Glenn McGrath, perhaps unwisely, bowled a bouncer to Michael Vaughan that the England captain seemed to see late, and a signal promptly went from the umpires to the Australian captain that the light was sufficiently poor that even McGrath’s pace was considered excessive. Three balls from Warne later, the light had deteriorated to such an extent that Messrs. Koertzen and Bowden offered the sanctuary of the dressing-room to the England batsmen. Vaughan and Trescothick needed no second invitation.
After half an hour’s delay and an early tea, play resumed with Shane Warne continuing to Marcus Trescothick. The first ball following the resumption saw the batsman cracking a half-volley through the off side. It looked like four all the way, and would have been but for the telescopic arm of Brett Lee who made a simply brilliant stop at extra cover. Who said fast bowlers can’t field?
The marginally-improved light saw McGrath called upon to bowl from the Pavilion End, and his first over contained two lacklustre deliveries that invited sumptuous square drives to the cover boundary from Michael Vaughan. Shane Warne, though, was a different kettle of fish, causing Trescothick immense trouble out of the rough, but the canny leg-spinner was even getting alarming amounts of lift off the stumps when he bowled around the wicket to the right-handed Vaughan.
McGrath seemed to find his amazingly metronomic rhythm quickly, giving Trescothick food for thought with one that ripped away off the seam, but McGrath’s spell was brought to a premature end by the umpires who reminded Ricky Ponting that the light was still very poor indeed.
So it was that Ponting was obliged to turn to the left arm spin of Michael Clarke – either that or risk the batsman being offered the light again. Clarke’s test match bowling average stood at a remarkable 7.6 before this game, thanks in part to a sensational spell of 6 wickets for 9 runs at Mumbai last year, and both English batsmen treated his first over with a suitable degree of respect.
Once again the umpires grew twitchy, and once again we were faced with the frustrating sight of batsmen trooping off from the field of play, on this occasion with the farcical situation of spinners operating from both ends. It soon became obvious that, this time, there would be no quick return for the players as the lowering clouds deposited a sprinkling of drizzle on proceedings, a drizzle that did little to dampen the enthusiasm of the English supporters who cheered every raindrop.

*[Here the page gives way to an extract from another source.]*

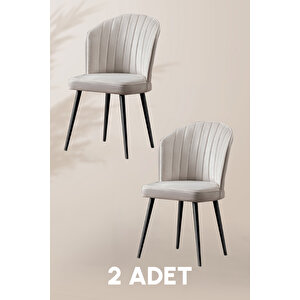 Rubi Sandalye - Babyface Krem - Siyah Metal Ayak (2 Adet) - Salon Sandalyesi / Mutfak Sandalyesi Krem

England had reached 34 for the loss of Strauss when, following a frustrating couple of hours for those in the baggy green, the inevitable decision was taken to abandon play for the day. Australia will not concede The Ashes lightly, you can be quite sure of that, but with just one day to go, it will take something quite extraordinary for them to capture the remaining nine English wickets with sufficient time left in order to knock off the runs. But then again, “something quite extraordinary” is totally in keeping with everything else we have witnessed so far this summer in this, the greatest Ashes series of them all. Why should tomorrow be any different?
Match Summary
England 373 all out
Strauss 129, Flintoff 72
Warne 6-122
and 34-1
Vaughan 19*, Trescothick 14*
Australia 367 all out
Hayden 138, Langer 105
Flintoff 5-78, Hoggard 4-97
England lead by 40 with 9 second innings wickets standing.